What is being asked :: Your copy must start with the line containing "this 300×450 image." and end with the last line of the entries, matching them exactly and leaving out every picture.

Extracted information ::
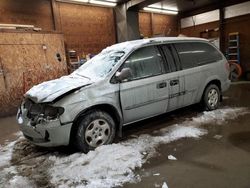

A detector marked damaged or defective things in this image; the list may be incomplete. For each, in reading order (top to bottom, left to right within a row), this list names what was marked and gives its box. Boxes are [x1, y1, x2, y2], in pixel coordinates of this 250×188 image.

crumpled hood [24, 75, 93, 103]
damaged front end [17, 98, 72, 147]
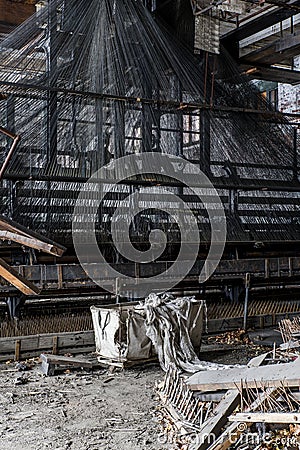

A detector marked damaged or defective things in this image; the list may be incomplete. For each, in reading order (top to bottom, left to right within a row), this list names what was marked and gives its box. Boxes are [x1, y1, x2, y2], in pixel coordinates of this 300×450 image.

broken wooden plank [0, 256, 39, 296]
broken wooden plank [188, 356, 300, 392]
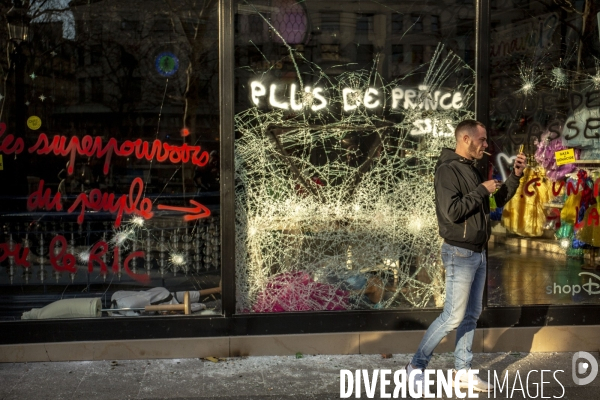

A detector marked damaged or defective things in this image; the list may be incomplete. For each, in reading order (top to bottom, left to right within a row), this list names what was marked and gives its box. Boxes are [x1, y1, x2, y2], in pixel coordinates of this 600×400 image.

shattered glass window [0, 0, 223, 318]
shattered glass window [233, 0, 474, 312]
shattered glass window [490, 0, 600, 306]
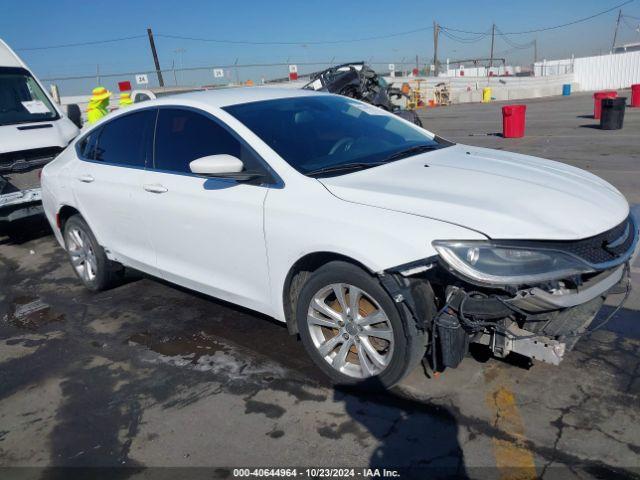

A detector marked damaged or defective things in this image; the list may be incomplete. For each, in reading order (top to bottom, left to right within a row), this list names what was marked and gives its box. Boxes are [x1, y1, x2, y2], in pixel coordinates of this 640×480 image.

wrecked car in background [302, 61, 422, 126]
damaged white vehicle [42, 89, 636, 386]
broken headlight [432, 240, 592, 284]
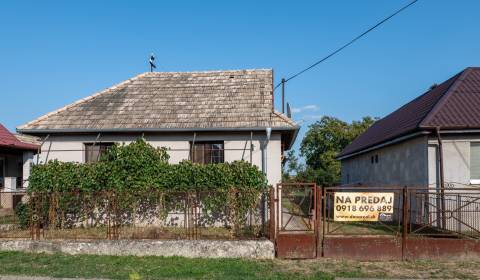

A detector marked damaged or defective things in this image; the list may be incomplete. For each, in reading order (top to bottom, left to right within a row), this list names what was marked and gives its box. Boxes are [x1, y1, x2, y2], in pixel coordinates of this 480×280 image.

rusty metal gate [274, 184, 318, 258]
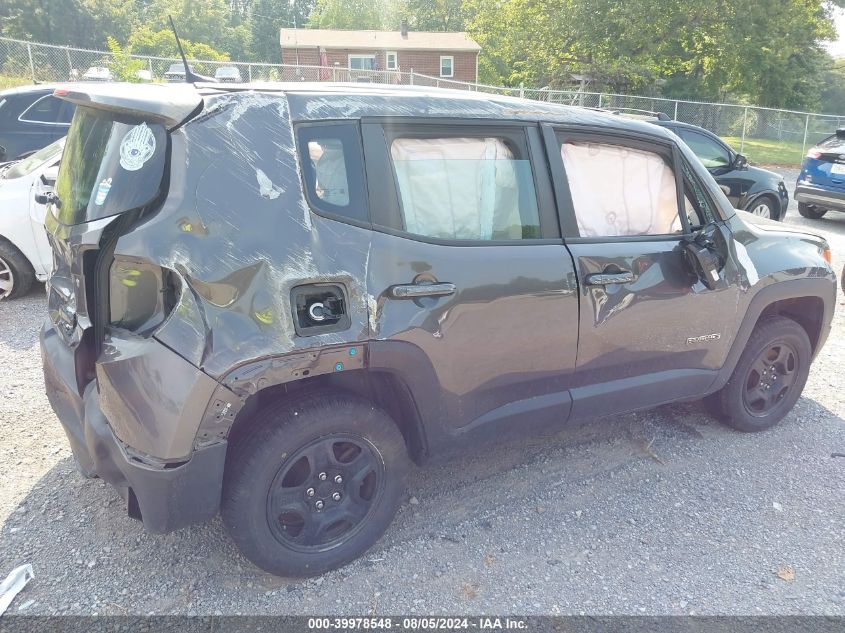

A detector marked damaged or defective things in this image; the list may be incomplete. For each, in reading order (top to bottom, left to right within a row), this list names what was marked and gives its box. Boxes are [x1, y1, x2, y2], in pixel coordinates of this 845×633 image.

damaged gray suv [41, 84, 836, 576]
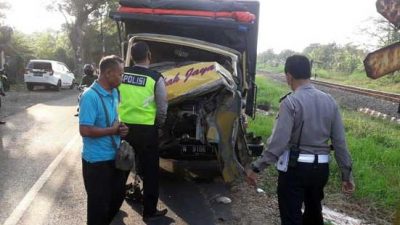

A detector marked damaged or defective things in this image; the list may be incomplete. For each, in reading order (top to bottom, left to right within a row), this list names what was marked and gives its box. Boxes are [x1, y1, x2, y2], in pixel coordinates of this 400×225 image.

Answer for this exercise ::
A detector marked damaged or defective things in this image; the list may be incomplete. For each, in reading order (top to bottom, left to right within a row), this list names what was marked and gives its box. Boxes are [x1, y1, x2, y2], in pixel coordinates of this 300×450 image.

broken wooden plank [0, 256, 39, 296]
broken wooden plank [188, 356, 300, 392]

A detector marked damaged or defective things in this image; the list may be incomplete. For each, in reading order (top to bottom, left to right within a row), this list names what was marked and gives its box. Boxes are [x1, y1, x2, y2], in pixel coordinates of this 600×400 image.

shattered glass window [0, 0, 223, 318]
shattered glass window [233, 0, 474, 312]
shattered glass window [490, 0, 600, 306]

A detector marked damaged or defective things in this image; the list may be incomplete. For each, in reading order (top to bottom, left to right within a row), this list names what was marked and gives its box. Boxes are [x1, y1, x2, y2], in pixel coordinates of this 640×480 image.

wrecked car in background [302, 61, 422, 126]
damaged white vehicle [42, 89, 636, 386]
broken headlight [432, 240, 592, 284]

A detector marked damaged or defective things in this image; the list may be incomplete. For each, in reading order (top to bottom, left to right within a row), this list names what was marked and gives its box. Boxes are [x1, y1, x2, y2], in pixel coordinates of this 480×280 image.

rusty metal gate [274, 184, 318, 258]

A detector marked damaged or defective things in this image; the list may be incomplete. For each, in reading order (top to bottom, left to right within a row), this list names what was marked and gives its box. Boxes are [x1, y1, x2, y2], in pixel coordinates of this 845×633 image.

damaged gray suv [41, 84, 836, 576]

A detector marked damaged or defective things in this image; the list may be incomplete. For each, in reading order (top to bottom, left to right within a row), this list names what was marked and gives its box. Boxes are [x1, y1, x2, y2], in pixel coordinates of this 400×225 image.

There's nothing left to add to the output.